Government Post Graduate College, Abbottabad  (), also known as GPGC No.1 Abbottabad, is a government tertiary college located in Abbottabad. GPGC No.1 is affiliated with Abbottabad University (AUST) and BISE Abbottabad for Bachelor and intermediate programs respectively.

History 
GPGC college was established in 1944 in a rented building on the Mansehra Road, Abbottabad. After independence, it was shifted to the center of the city in the Araya School. In 1954 the Chief Minister of the N-W.F.P (now Khyber Pakhtunkhwa) Abdul Qayyum Khan inaugurated the present building at the link road Abbottabad.

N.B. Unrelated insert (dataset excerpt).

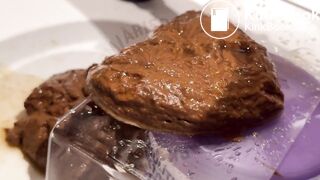 Brutal inside toilet POV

In 1966, GPGC Mandian started M.Sc Physics and MA Economics programs. In 1973, MA programs of English, Urdu and M.Sc programs in Chemistry and Mathematics were started. M.Sc Botany and MA Political Science programs begun in the campus in 1986. In 1999 M.Sc Computer Science was started. In 2010 MA History was further added at postgraduate level. Now it is called a mini university. The college has almost five thousand students from 11th grade to 16th grade in 27 common subjects of science and arts. GPGC Abbottabad offers 4-year bachelor program in English, Mathematics, Chemistry, Computer Science. Physics, Economics, Botany, Political Science, GIS and H.P.E.
In 2019, GPGC No. 1 hosted the weightlifting event of the 33rd National Games of Pakistan. As of 2022, regional directorate of Higher Education for Hazara division is planned to be established in the old staff hostel of the Government Postgraduate College No 1, Abbottabad, for the management of administrative and financial affairs of 40 colleges.

Faculties and departments 
At present, GPGC Abbottabad offers Intermediate, Bachelors, Masters and BS level programs.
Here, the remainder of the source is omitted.